WHAT YOU ARE ASKED TO DO:
Exactly reproduce the lines of the listing below from the one containing "Professional Window Squeegee" through the one containing "1girls bikini blonde_hair". Skip the images.

DATA EXTRACT:
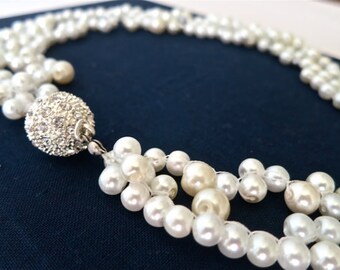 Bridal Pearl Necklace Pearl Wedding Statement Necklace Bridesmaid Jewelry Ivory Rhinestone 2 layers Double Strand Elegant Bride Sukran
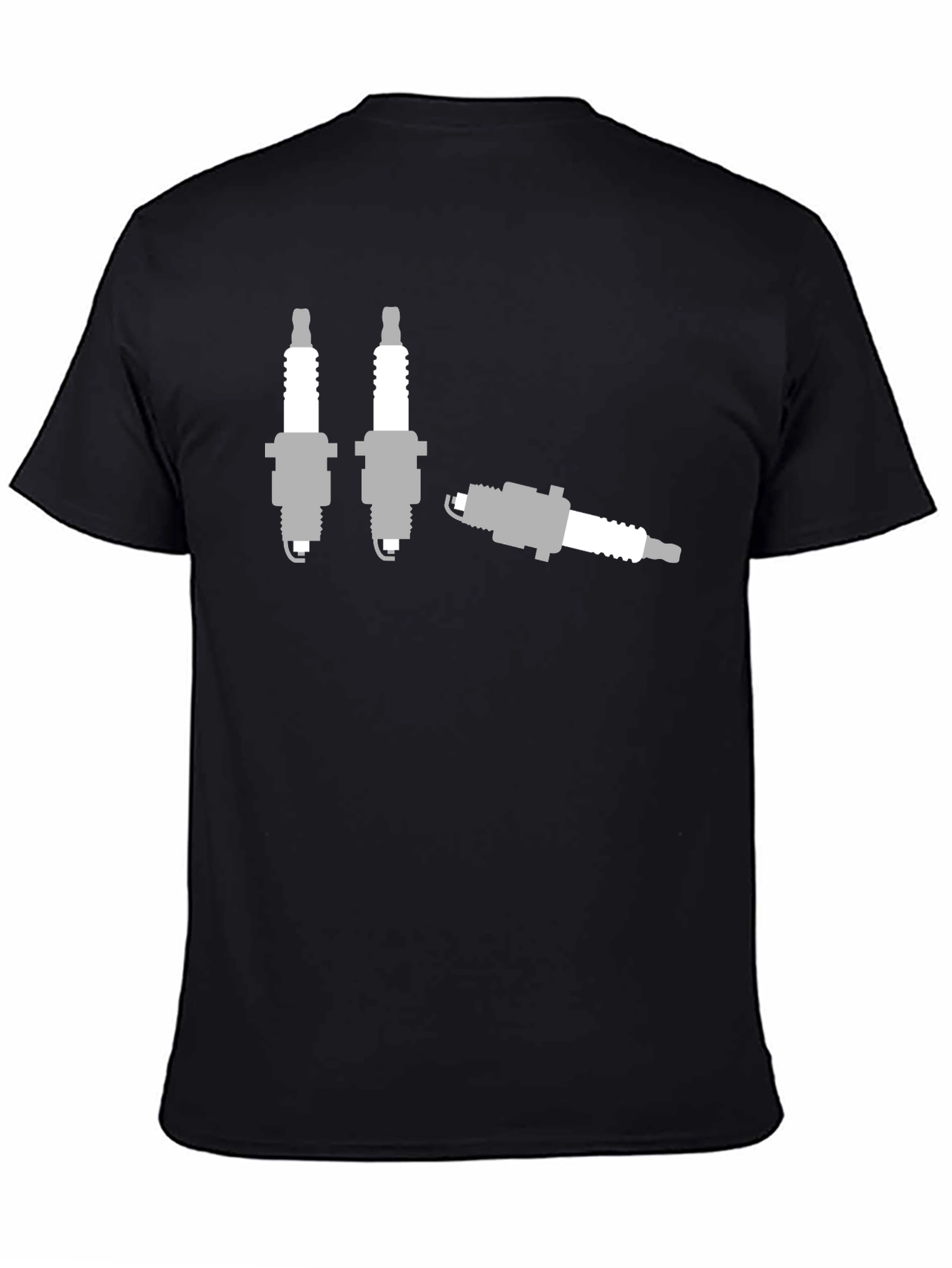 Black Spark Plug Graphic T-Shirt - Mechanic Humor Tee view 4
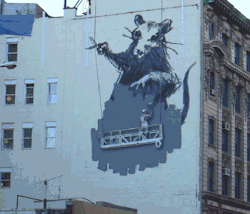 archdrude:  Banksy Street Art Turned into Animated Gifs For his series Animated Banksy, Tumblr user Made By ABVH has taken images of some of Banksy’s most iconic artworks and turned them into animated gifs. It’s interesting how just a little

...

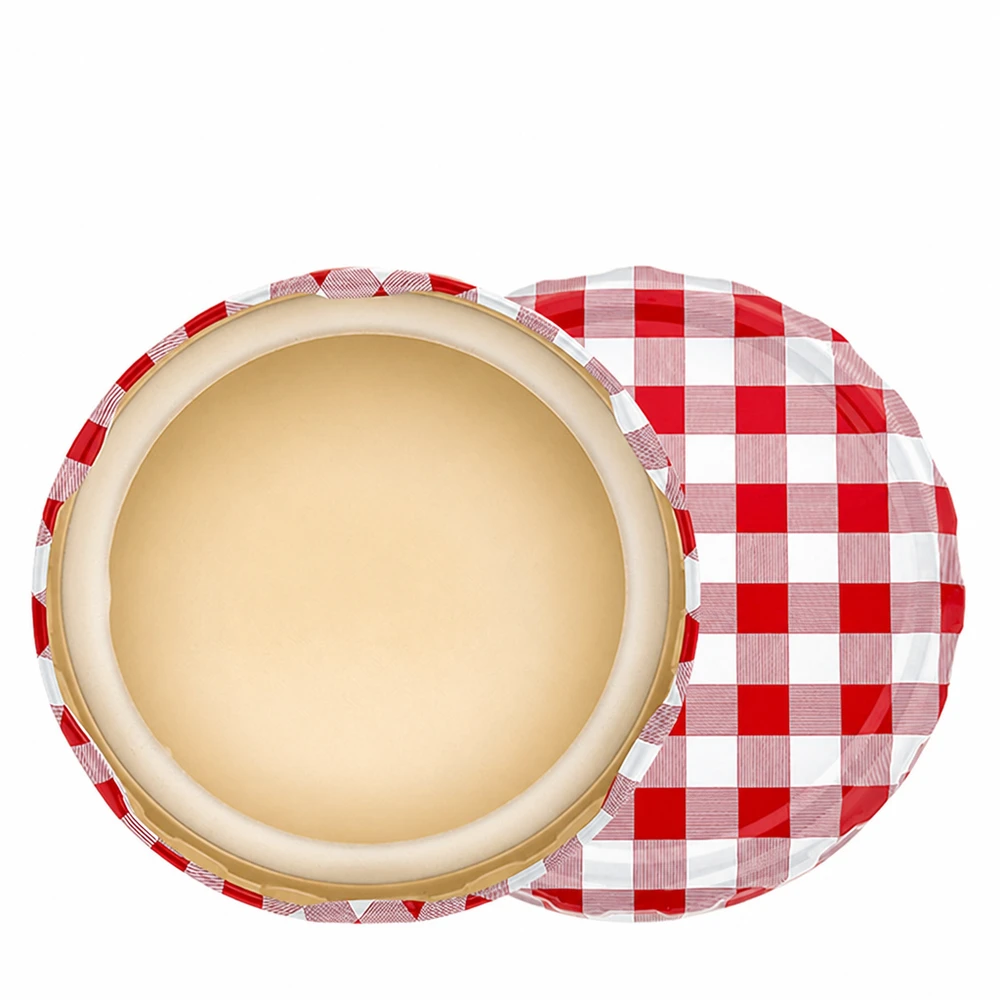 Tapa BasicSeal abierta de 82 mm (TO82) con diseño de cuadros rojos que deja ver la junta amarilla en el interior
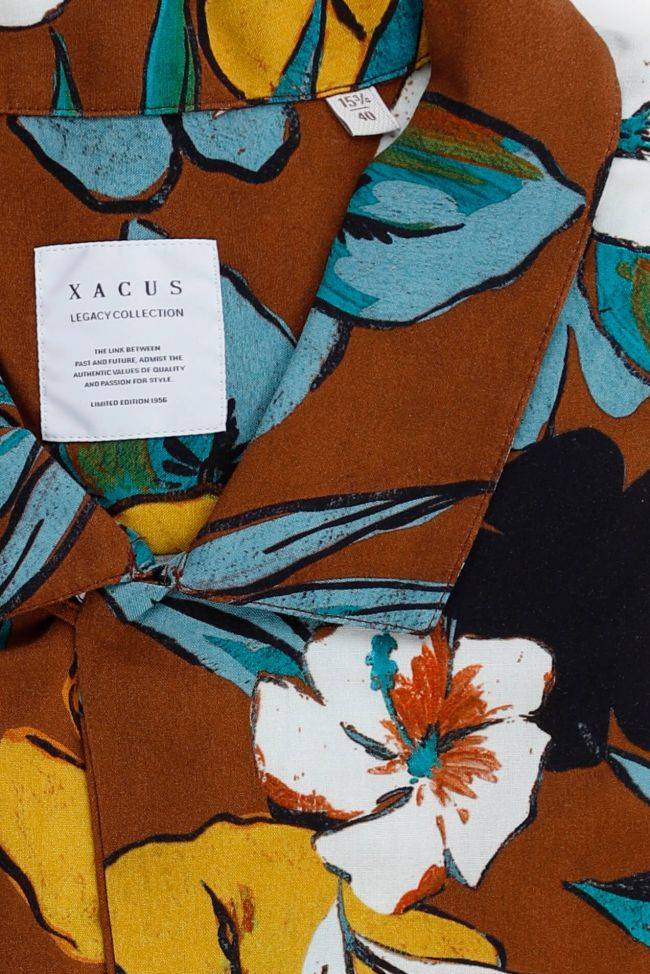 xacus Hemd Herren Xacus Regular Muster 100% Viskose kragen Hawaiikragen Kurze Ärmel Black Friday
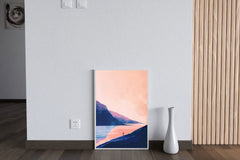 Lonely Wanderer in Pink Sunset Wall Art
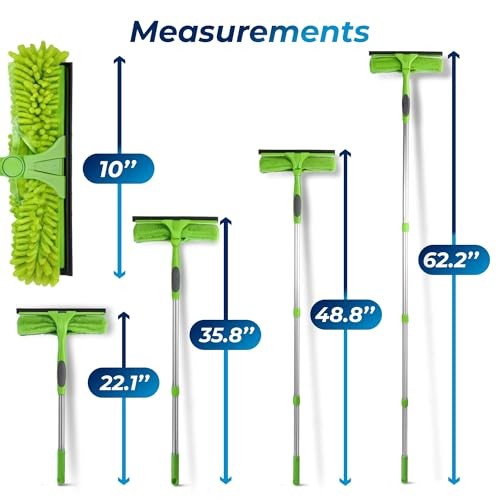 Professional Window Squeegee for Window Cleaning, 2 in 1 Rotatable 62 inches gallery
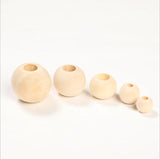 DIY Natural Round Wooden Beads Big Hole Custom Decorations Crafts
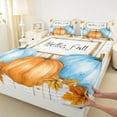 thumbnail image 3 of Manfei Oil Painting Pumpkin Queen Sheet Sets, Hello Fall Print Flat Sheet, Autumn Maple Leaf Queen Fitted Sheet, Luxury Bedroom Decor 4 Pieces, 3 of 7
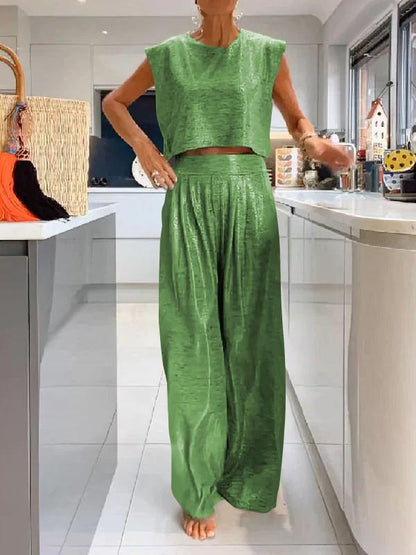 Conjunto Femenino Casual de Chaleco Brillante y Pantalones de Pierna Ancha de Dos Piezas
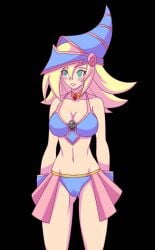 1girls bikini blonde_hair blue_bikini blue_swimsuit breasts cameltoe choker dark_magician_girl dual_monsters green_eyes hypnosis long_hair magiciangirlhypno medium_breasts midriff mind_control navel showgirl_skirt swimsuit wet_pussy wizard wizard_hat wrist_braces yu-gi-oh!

WRITTEN RESPONSE:
 Professional Window Squeegee for Window Cleaning, 2 in 1 Rotatable 62 inches gallery
 DIY Natural Round Wooden Beads Big Hole Custom Decorations Crafts
 thumbnail image 3 of Manfei Oil Painting Pumpkin Queen Sheet Sets, Hello Fall Print Flat Sheet, Autumn Maple Leaf Queen Fitted Sheet, Luxury Bedroom Decor 4 Pieces, 3 of 7
 Conjunto Femenino Casual de Chaleco Brillante y Pantalones de Pierna Ancha de Dos Piezas
 1girls bikini blonde_hair blue_bikini blue_swimsuit breasts cameltoe choker dark_magician_girl dual_monsters green_eyes hypnosis long_hair magiciangirlhypno medium_breasts midriff mind_control navel showgirl_skirt swimsuit wet_pussy wizard wizard_hat wrist_braces yu-gi-oh!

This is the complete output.